The decision on the storage period of the residual debt discharge may have more far-reaching consequences than it might appear at first glance. It is questionable whether, following the ECJ judgement, the storage period of other negative data at credit information agencies for the purpose of scoring, such as late payment or payment default, must also be assessed differently. On the one hand, it could be argued that less serious financial misconduct such as late payment should not be stored for longer than a more serious insolvency. On the other hand, there are no national regulations on the storage period for this data in public registers. It is also questionable whether negative data other than insolvency is generally weighted lower than residual debt discharge when calculating a score and whether this justifies a longer storage period for other negative data.

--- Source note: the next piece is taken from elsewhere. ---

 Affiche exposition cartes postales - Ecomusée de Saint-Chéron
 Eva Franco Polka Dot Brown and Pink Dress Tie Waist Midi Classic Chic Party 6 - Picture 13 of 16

In any case, data controllers should take this ECJ ruling as an opportunity to review their respective retention periods for data relevant to creditworthiness and the corresponding erasure concepts.

5. Outlook

The Wiesbaden Administrative Court will now have to examine whether Section 31 BDSG contains an exception to the prohibition in Article 22(1) GDPR that is permissible under the GDPR. If Section 31 BDSG is deemed to be incompatible with EU law, SCHUFA would – according to the ECJ – not only be acting without a legal basis in the case underlying the main proceedings, but would also ipso iure be in breach of the prohibition in Art. 22 para. 1 GDPR. In its statement published on the SCHUFA website, SCHUFA calls on the legislator to “clarify and amend” Section 31 BDSG as part of the upcoming amendment to the Federal Data Protection Act.

In addition, the Administrative Court will have to decide whether and under what conditions data from public registers may be transferred to privately managed databases of credit information agencies.